And those terms may be used not to refer to the system as a whole, but particular tasks within it. Hard constraints on tasks that can never miss a (often nanosecond resolution) time point, firm real-time that can't be missed but which can be delayed, soft real time that can be missed (but only a certain number or percentage of times, or can't be missed twice in a row, etc). Different systems and teams may use those categories differently. For example, the AGC alarms that nearly caused the Apollo 11 Eagle landing to abort were for tasks in the last category, so they were able to continue. There were other tasks on that same real-time system for which missing the timing would have required an abort (or triggered a lot of very loud noises followed by silence).

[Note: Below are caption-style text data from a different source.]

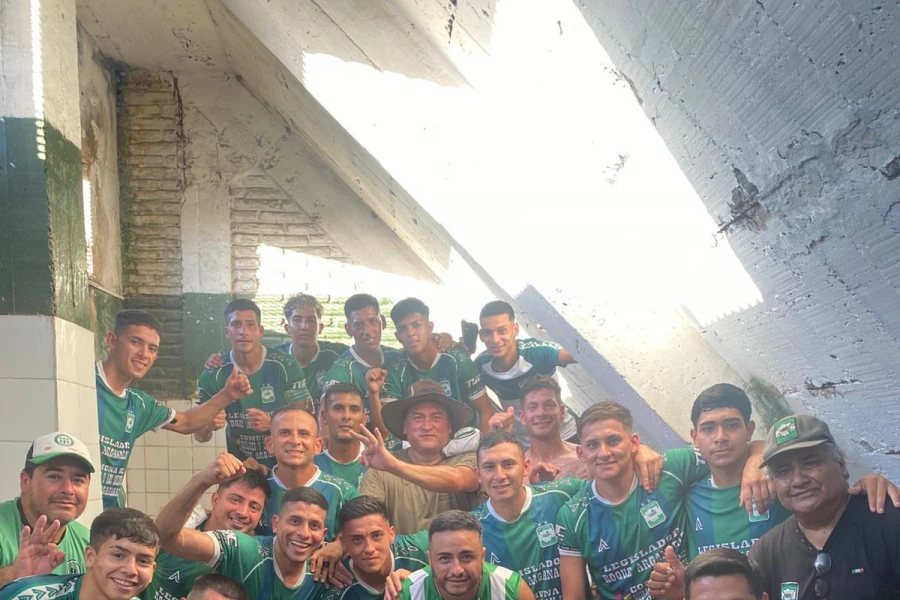 San Fernando, clasificado a los cuartos de final del torneo Anual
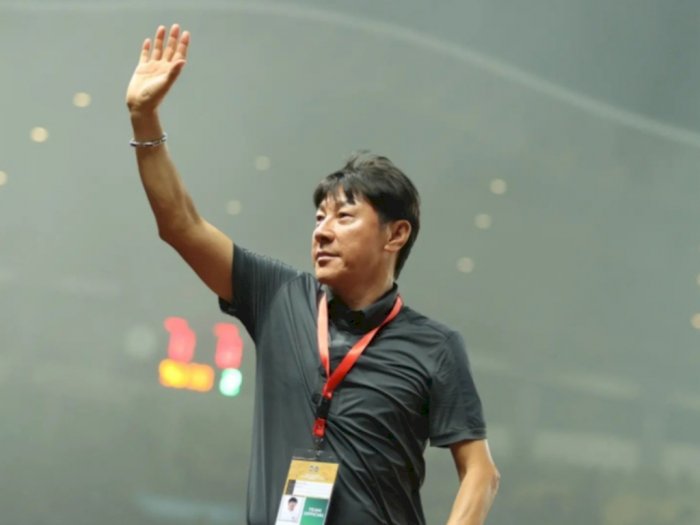 Ini Rencana Baru Shin Tae-Yong Buat Usai Timnas Indonesia Batal Tampil di Piala Dunia U-20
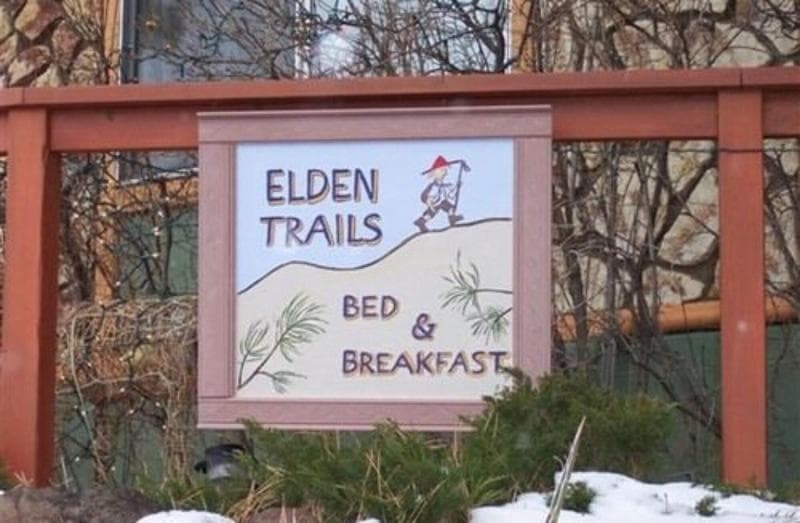 Elden Trails Bed And Breakfast 5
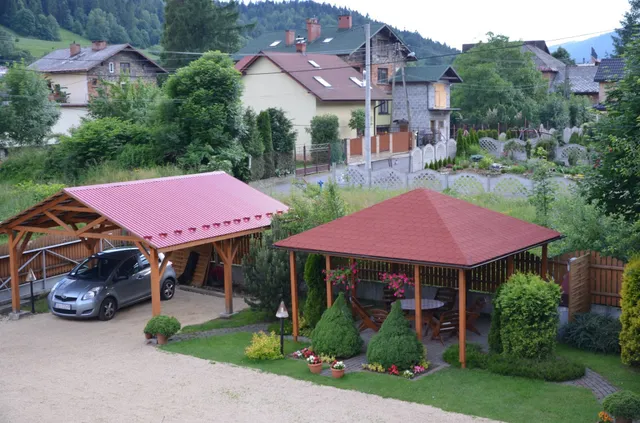 Wieczorek Janusz. Guest rooms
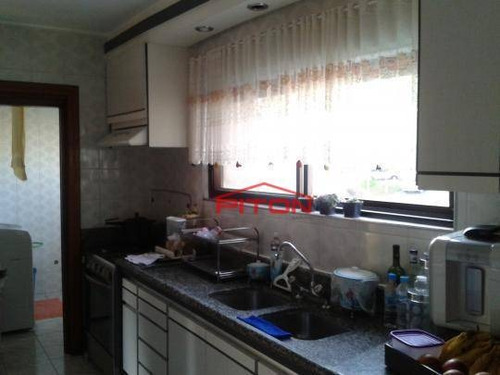 Apartamento Com 3 Dormitórios À Venda, 108 M² Por R$ 900.000,00 - Penha De França - São Paulo/sp - Ap0717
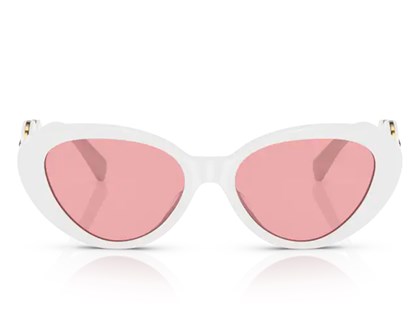 Óculos de Sol Versace White VE4433U 31484-54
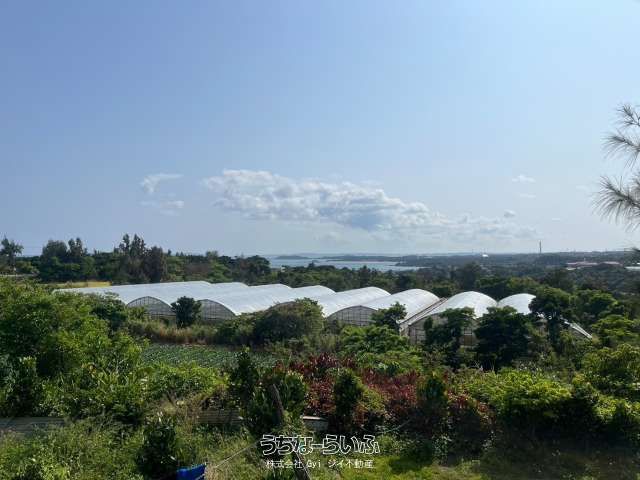 700 Tsubo Land for Sale in Ginowan Village, Okinawa - Apartment Site - Thumbnail 2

Correct. Real time doesn't mean "as fast as possible" in embedded systems. It can mean anything from "within a specified time after a given condition is met" to "it must happen at precisely this time, every time, after this condition is met" and a bunch of permutations between and outside those two.
The idea of deterministic jitter might be foreign to those who've never done real time embedded work. By this I mean the idea that, for example, a certain output or result is specified to happen at 100us +/- 1.2us from a condition being met. Here +/- 1.2us being the acceptable response jitter. Very often you find yourself using NOP's to balance both sides of a conditional in machine language in order to control jitter.
From experience I'd say that the exact definition of "real time" is project dependent. This definition is very different in, for example, a control panel processor vs. a 5 axis milling machine capable of rigid tapping.
I had my first exposure to this "deterministic" execution concept when I was writing the data collection part of a computer-based electrocardiogram interpretation service. the ECG cart hooked up to the patient at a hospital somewhere in the US would call our service located near Chicago. The front end would answer the phone and present three analog signals to the analog to digital converter which would sample each channel every 2 milliseconds, and write chunks of digitized samples to disk.
The trick was we noticed that the OS (RBM or Real-Time Batch Monitor from SDS, later Xerox) would mask all interrupts for short periods of time. This would delay the timer interrupt by an amount that would lead to an error in the voltage read (e.g., the rapid upward spike of the QRS wave) that would be significantly more than the quantization error.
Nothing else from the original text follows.